High-Speed Rail Proving Costly in California

Published August 29, 2011

A California high-speed rail proposal approved by voters in 2008 has strayed so far above original cost estimates and so far under ridership estimates that one key transportation analyst is calling it the greatest scam to hit the state—ever.

“The California high-speed rail project is on track to be the biggest boondoggle in the state’s history, and for California, that is saying something,” said Adam Summers, a policy analyst with the Reason Foundation. “The project’s planning and viability have been dubious from the beginning.”

Warning Signs Ignored

The train plan was originally presented as a $43 billion venture that would provide service for 117 million riders annually by 2030 and ultimately bring billions of dollars into state coffers each year. But a recent study from the California High Speed Rail Authority says those numbers are wrong, that ridership estimates should be brought down and construction costs raised.

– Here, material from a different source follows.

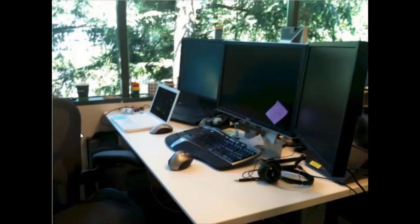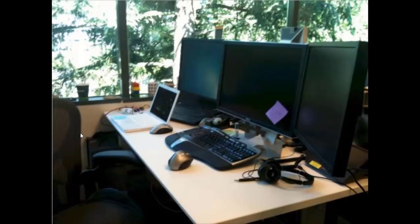When Trong couldn't find an easy way to switch between the many computers in his office, he built his own solution in the garage.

It’s not as if plenty of transportation watchers hadn’t warned of this months ago. In July 2010 researchers with the University of California at Berkeley reported the models used to determine ridership information were skewed, and the skewing, in turn, brought about inaccurate financial predictions. Even before that, the project had been labeled a money waster.

“A couple months before the November 2008 election, … Reason Foundation released a report by a couple of rail experts which analyzed the project and the assumptions,” Summers said.

“[We] concluded that the assumptions were wildly optimistic and unreasonable, to say the least. Since then, numerous other reports by various independent agencies—including the Legislative Analyst’s Office, Bureau of State Audits, University of California, Berkeley’s Institute of Transportation Studies, and the California High Speed Rail Authority’s own peer review group—have criticized the project for everything from its lack of a real business plan, to understated cost estimates, to inflated ridership estimates, to the CHSRA’s poor planning and management.”

Oxford Scholars: Supporters Lied

Did train supporters lie to the public in their initial assertions? That’s how one group of Oxford scholars who studied the issue saw it. “They called it ‘strategic misrepresentation,'” said Wendell Cox, an expert in urban policy and transportation and the principal of Wendell Cox Consultancy. “They also called it lying.”

In 2008, Reason Foundation estimated the rail project would cost between $65 billion and $81 billion, significantly higher than the $43 billion sold to the public. In 2009, Reason estimated the first leg of the project, providing rail service between Merced and Bakersfield, would cost $7.1 billion. Now, that cost is coming in 40 percent to 100 percent higher, reaching the $10 billion to $13.9 billion mark. 

States Taking Different Course

Future state government operating subsidies for the high-speed services will have to be so high that states such Florida, Wisconsin, and Ohio are refusing to accept federal government handouts for rail development, Summers noted.

“California would be wise to do likewise,” Summers said. “Californians are realizing that they were sold a bill of goods during the 2008 election. Prior to the election, they were told that 117 million passengers a year would ride the trains and that a ticket between Los Angeles and San Francisco would cost $55. After the election, it was revealed that the ridership numbers were ridiculously inflated. They are now advertised around 50 million.”

That same trip between Los Angeles and San Francisco would also now cost $105, Summers said.

Private Investors Know Better

“This is liable to be one very big drag on California taxpayers,” Cox said. “There is no indication of private investment that’s forthcoming. Well, there is, but they all say they need a revenue guarantee—and that means subsidies.”

That’s just par for the course with high-speed train projects, Cox says.

“Every private dollar that’s been put into high-speed rail around the world has been lost,” he said. “It’s not a good idea. It’s just terribly expensive.”

Summers cites a study by Danish researcher Bent Flyvbjerg analyzing 258 rail, bridge, and road projects worldwide, which found 90 percent of them went over budget. “The vast majority, significantly so,” Summers said.

Cheryl Chumley, [email protected], writes from Northern Virginia.